**PROBLEM DETAILS:** Retype the line in which "14k Yellow Gold" appears, then every line after it until the records end. Leave out the pictures.

[Caption-style text data]
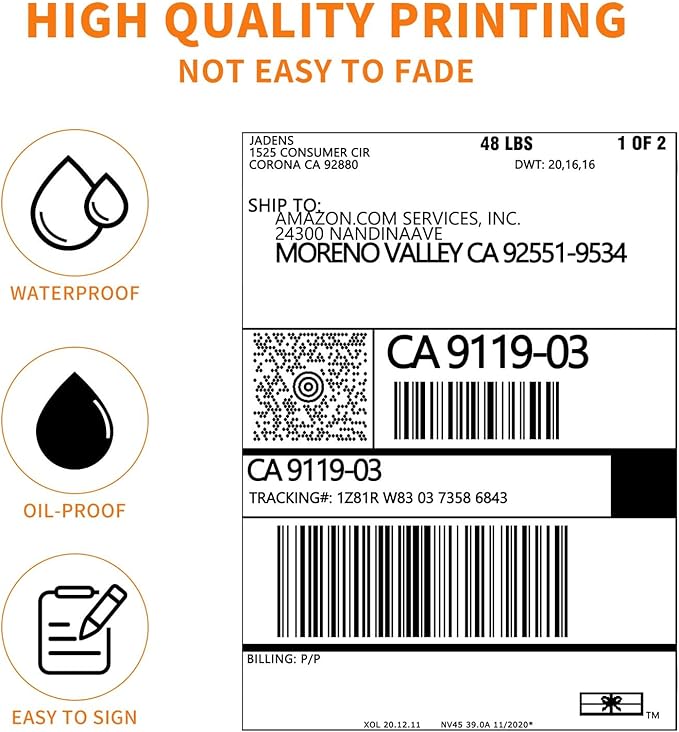 JADENS Thermal Shipping Labels 4x6-350 Labels(4 Rolls), Compatible with Rollo, Brother, Zebra and Most Thermal Printer, Perforated, Commercial Grade, Doesn't Compatible with Dymo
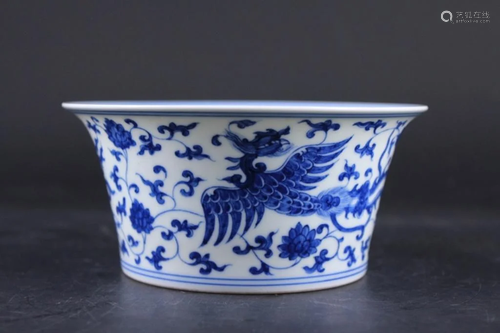 Chinese Ming Porcelain Blue&White Phoenix Bowl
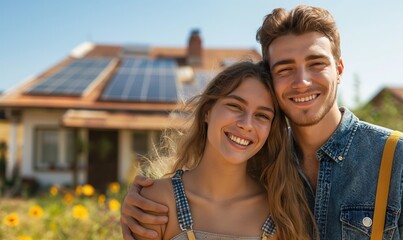 Happy couple young man and woman standing near their new eco friendly passive house with photovoltaic system solar panels for renewable energy on sunny day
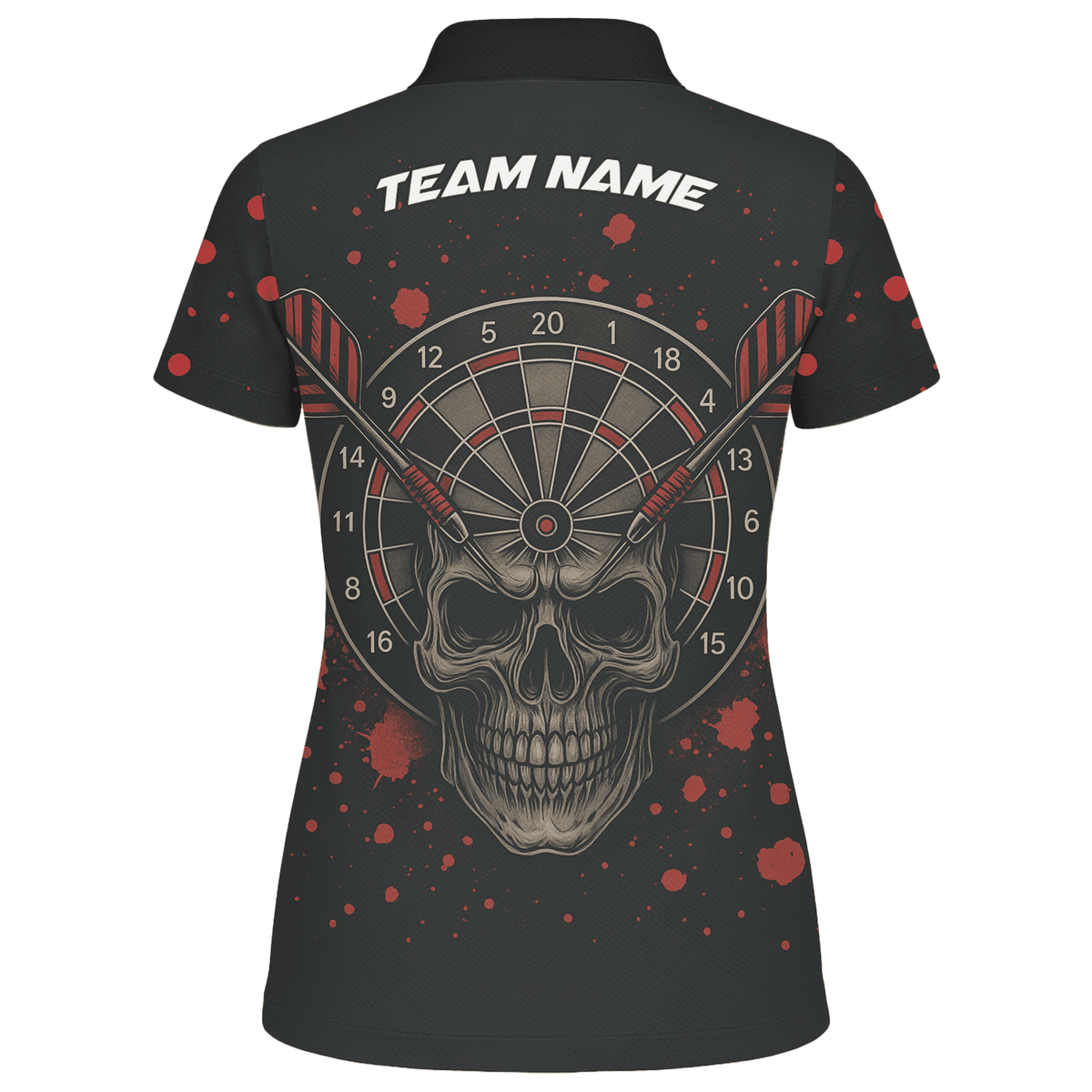 Personalized Grunge Skull Darts Polo Shirt Black Red For Women A5652 additional image 2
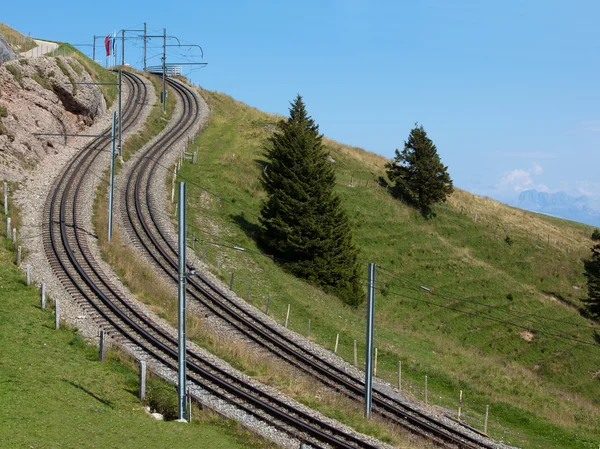 stock image Two curved and steep railways in the mountains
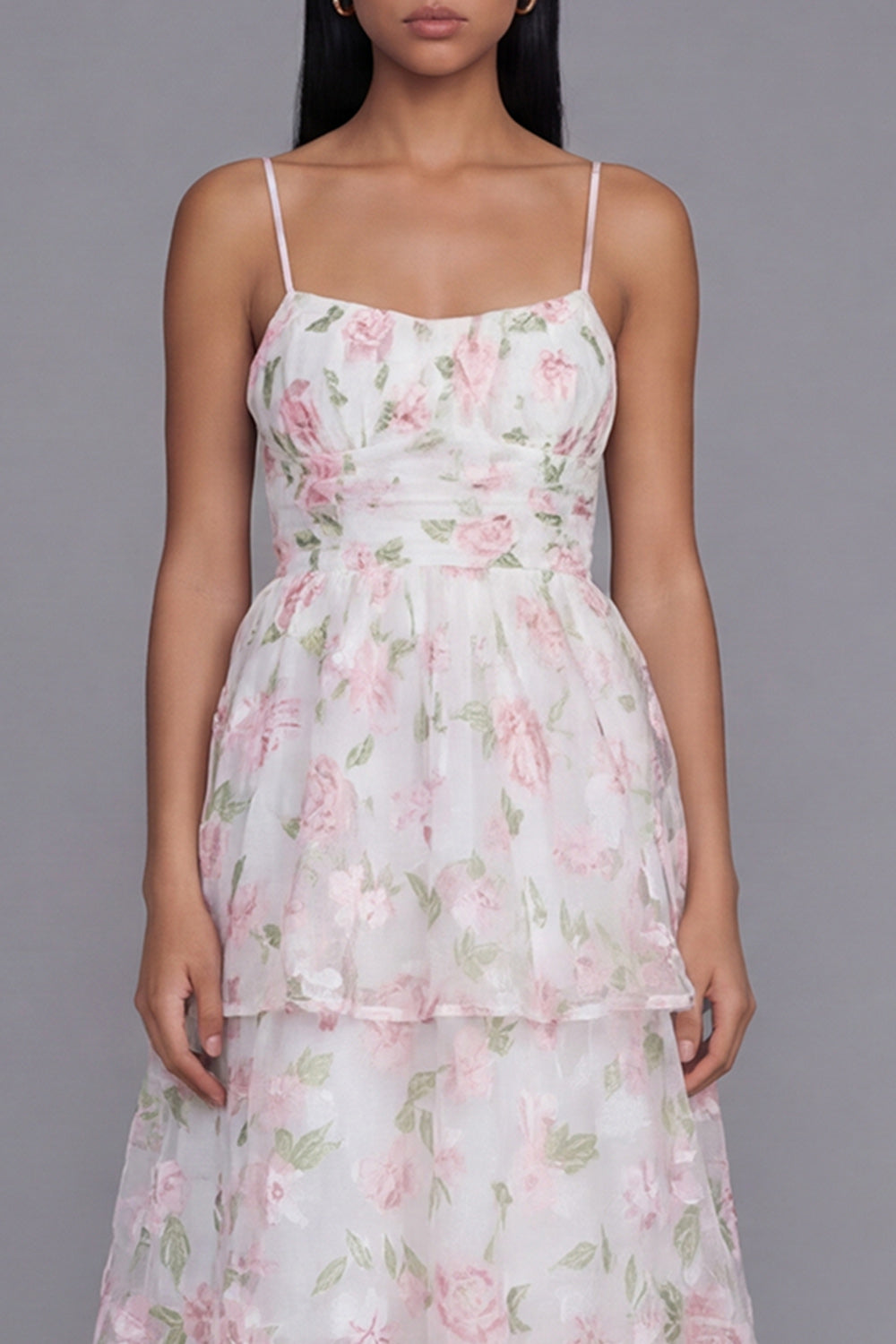 Yellow A Line Corset Floral Maxi Beach Wedding Guest Dress with Ruffles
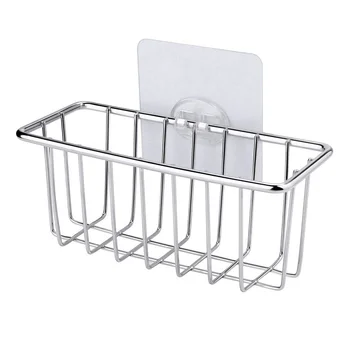 

1 pc Wall-mounted Drain Stainless Steel Multifunction Organizer Sink Caddy Sponge Rack for Bathroom Kitchen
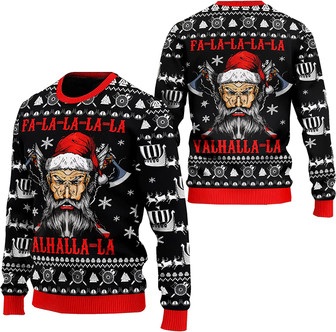 Vi.kig Valhalla-la Ugly Sweater, FA-la-la-la-la Ugly Sweater, Ugly Sweater 3D, FA la la la Sweater Black - Thegiftio UK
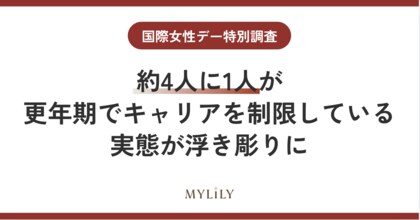 【国際女性デー】約4人に1人が更年期にキャリアを制限している実態が浮き彫りに。職場の理解不足と更年期症状は「病気ではない」という思い込みが、専門医療へのアクセスに大きく影響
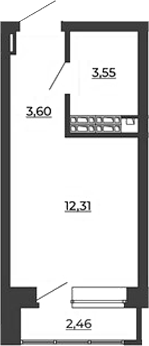 Планировка — СКМ Ривер, Студия, 19 м²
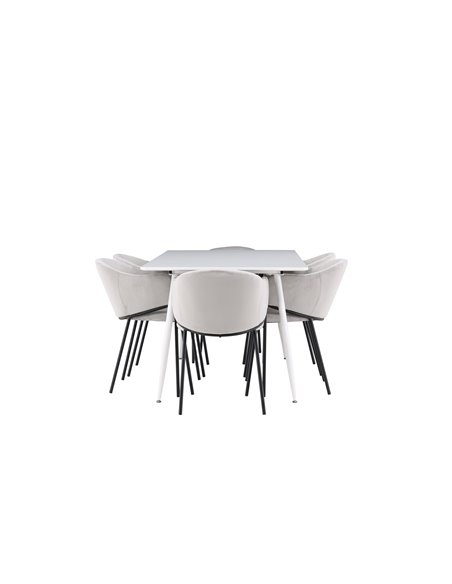 Matgrupp Silar med Evelina matstolar, 180 × 90 cm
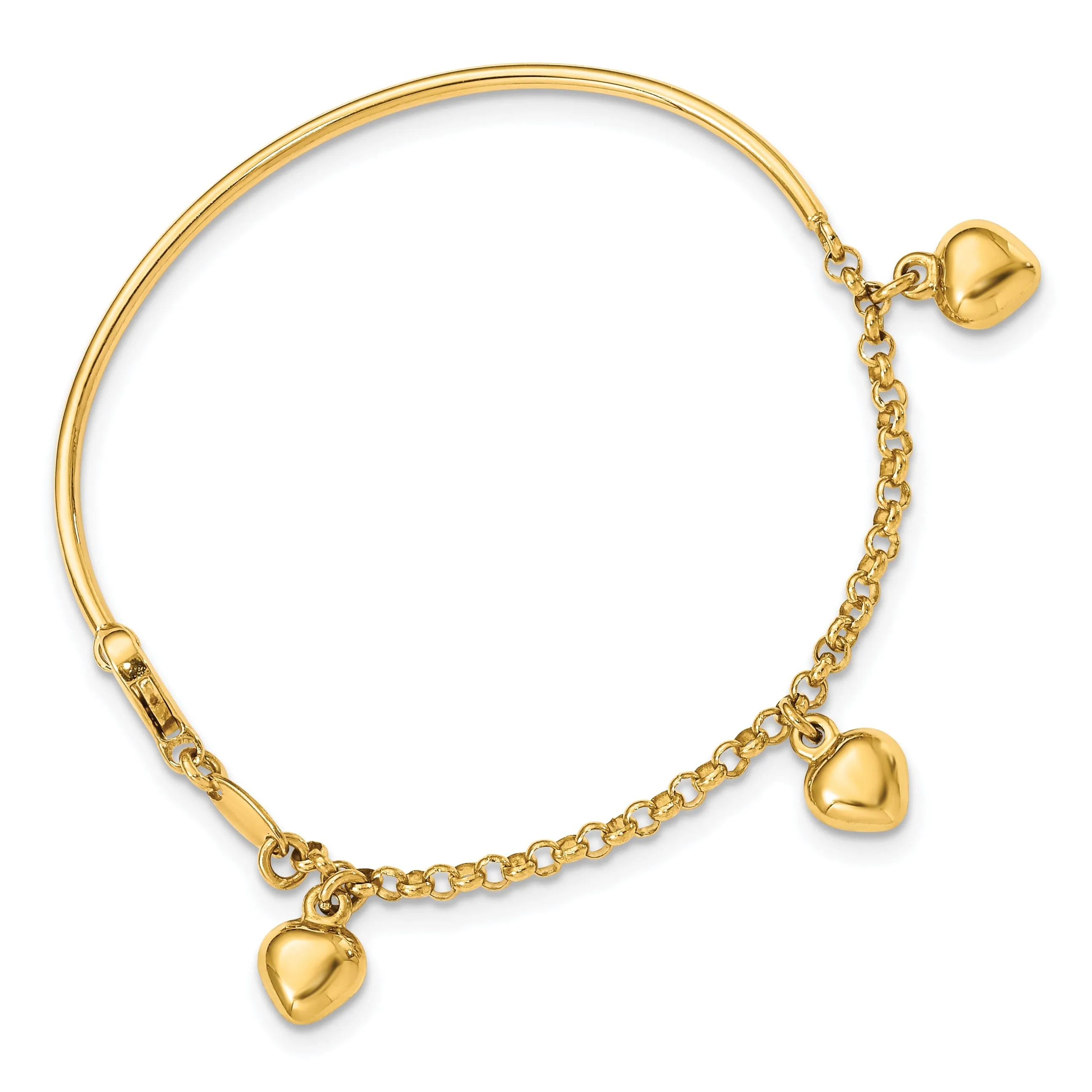 14k Yellow Gold Polished Dangle Heart Baby Bracelet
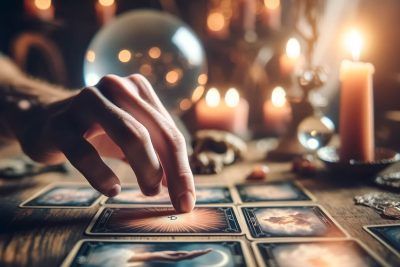 Guía Completa para Principiantes: Introducción a las Lecturas de Tarot 60 Un entusiasta de Lectura Tarot sosteniendo una carta del tarot frente a velas.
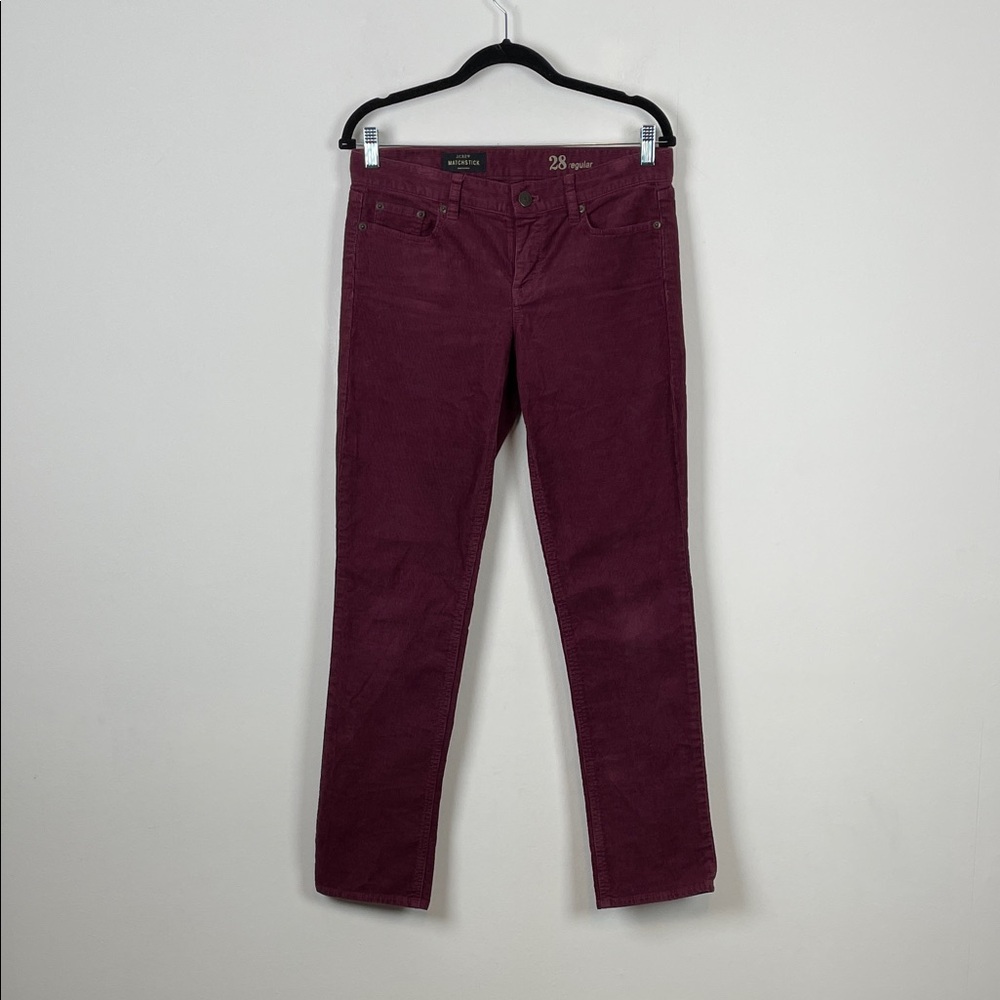 J Crew Matchstick Straight Low Rise Burgundy Corduroy Women's 28R Casual Pants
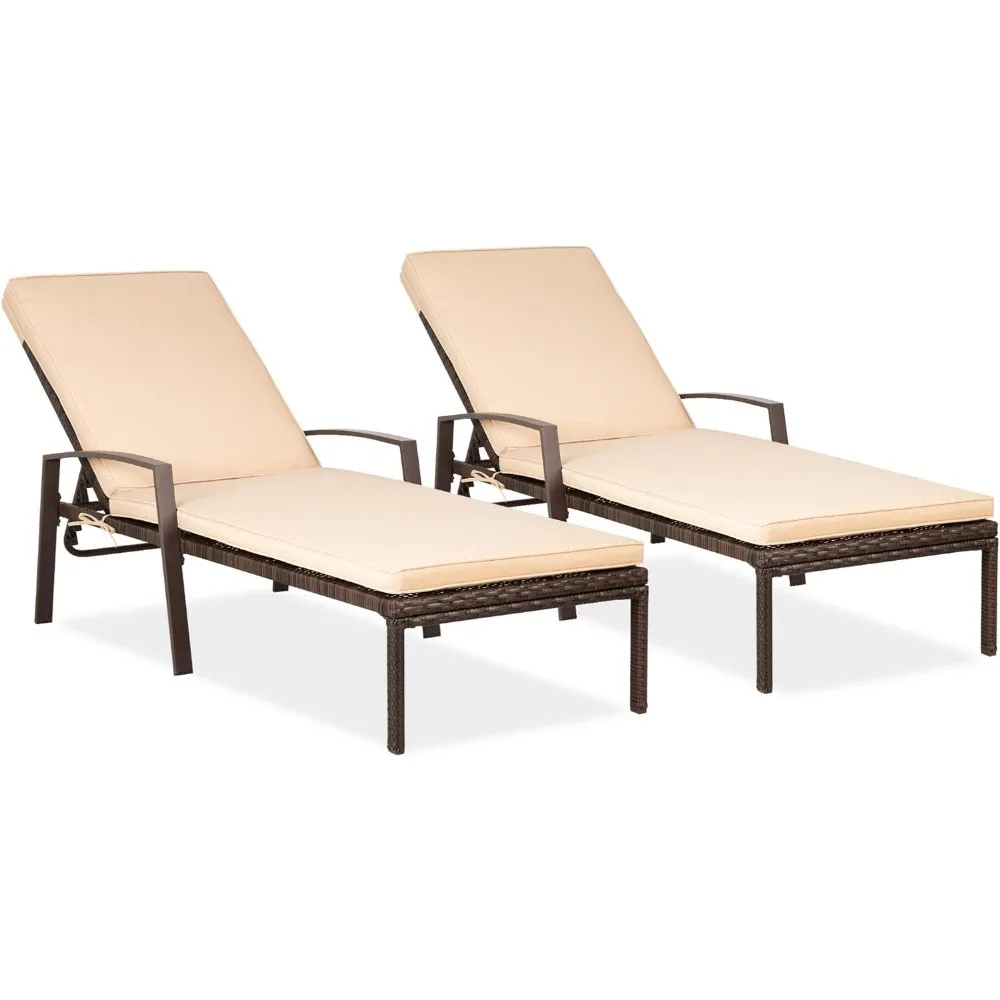 8512 Pieces, Chaise Thickened Cushion, PE Rattan Steel Frame Pool Lounge Chair Set for Patio Backyard Porch Garden Poolside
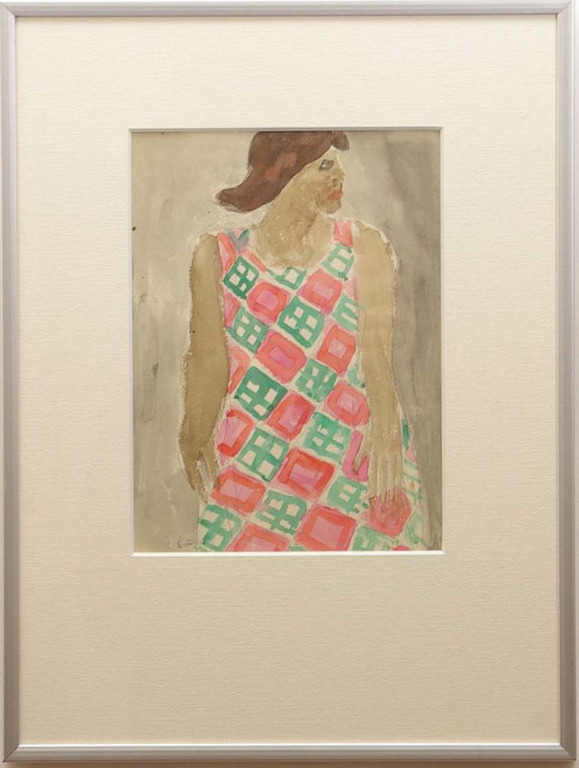 Kees Franse, Aquarel, Vrouw in jurk met blokmotief verkocht voor € 50!
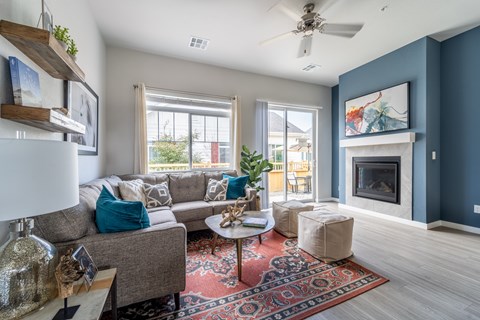 A living room with a grey couch and a red rug.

**THE COMPLETED TASK:**
 14k Yellow Gold Polished Dangle Heart Baby Bracelet
 Guía Completa para Principiantes: Introducción a las Lecturas de Tarot 60 Un entusiasta de Lectura Tarot sosteniendo una carta del tarot frente a velas.
 J Crew Matchstick Straight Low Rise Burgundy Corduroy Women's 28R Casual Pants
 8512 Pieces, Chaise Thickened Cushion, PE Rattan Steel Frame Pool Lounge Chair Set for Patio Backyard Porch Garden Poolside
 Kees Franse, Aquarel, Vrouw in jurk met blokmotief verkocht voor € 50!
 A living room with a grey couch and a red rug.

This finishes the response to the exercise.